■ **Collected data**:

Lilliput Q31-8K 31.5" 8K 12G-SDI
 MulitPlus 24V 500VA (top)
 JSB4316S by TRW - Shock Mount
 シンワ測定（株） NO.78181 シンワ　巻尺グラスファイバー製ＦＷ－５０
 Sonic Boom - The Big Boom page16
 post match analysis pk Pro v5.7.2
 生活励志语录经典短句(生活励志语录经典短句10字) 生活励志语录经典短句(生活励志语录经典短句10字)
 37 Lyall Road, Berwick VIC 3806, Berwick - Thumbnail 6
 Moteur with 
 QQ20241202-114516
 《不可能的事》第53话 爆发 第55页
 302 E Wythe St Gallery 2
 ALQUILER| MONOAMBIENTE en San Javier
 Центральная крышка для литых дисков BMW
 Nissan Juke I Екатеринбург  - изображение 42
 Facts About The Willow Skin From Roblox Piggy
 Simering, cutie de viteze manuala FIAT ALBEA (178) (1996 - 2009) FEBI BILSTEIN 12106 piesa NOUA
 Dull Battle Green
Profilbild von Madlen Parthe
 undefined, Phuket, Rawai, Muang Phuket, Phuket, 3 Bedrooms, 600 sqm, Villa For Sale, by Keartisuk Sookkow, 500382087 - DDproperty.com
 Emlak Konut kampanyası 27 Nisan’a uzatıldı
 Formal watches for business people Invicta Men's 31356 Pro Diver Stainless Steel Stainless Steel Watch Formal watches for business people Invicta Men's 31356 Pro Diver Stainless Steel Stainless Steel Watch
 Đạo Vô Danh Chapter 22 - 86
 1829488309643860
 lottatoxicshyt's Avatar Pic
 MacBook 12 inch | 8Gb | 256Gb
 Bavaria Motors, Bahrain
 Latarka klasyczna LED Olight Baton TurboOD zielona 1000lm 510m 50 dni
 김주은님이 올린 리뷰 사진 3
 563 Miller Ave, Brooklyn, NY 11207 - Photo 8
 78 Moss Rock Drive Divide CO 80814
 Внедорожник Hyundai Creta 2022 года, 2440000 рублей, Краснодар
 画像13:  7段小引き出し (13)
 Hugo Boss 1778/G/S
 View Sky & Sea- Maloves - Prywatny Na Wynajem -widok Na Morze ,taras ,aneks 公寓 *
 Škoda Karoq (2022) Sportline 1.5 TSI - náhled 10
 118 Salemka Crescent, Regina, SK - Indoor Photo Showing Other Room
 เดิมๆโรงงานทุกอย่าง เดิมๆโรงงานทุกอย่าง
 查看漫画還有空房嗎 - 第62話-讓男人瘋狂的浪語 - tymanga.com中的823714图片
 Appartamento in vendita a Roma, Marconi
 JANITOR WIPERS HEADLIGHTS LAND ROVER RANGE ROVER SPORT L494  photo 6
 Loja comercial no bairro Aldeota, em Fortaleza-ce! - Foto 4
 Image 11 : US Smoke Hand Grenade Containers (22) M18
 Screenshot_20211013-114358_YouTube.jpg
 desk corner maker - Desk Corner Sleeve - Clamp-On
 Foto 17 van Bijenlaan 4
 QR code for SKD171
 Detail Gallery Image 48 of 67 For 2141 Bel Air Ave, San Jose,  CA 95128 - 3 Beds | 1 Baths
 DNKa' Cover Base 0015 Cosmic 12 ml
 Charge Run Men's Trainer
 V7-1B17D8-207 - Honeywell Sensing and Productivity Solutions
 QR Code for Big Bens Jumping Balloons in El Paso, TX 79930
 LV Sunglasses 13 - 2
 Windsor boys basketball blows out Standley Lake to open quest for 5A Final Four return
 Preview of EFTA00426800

■ **What to do**: Wherever the string "Foto" appears in the records above, copy the line it sits in.

■ **Problem solution**:
 Loja comercial no bairro Aldeota, em Fortaleza-ce! - Foto 4
 Foto 17 van Bijenlaan 4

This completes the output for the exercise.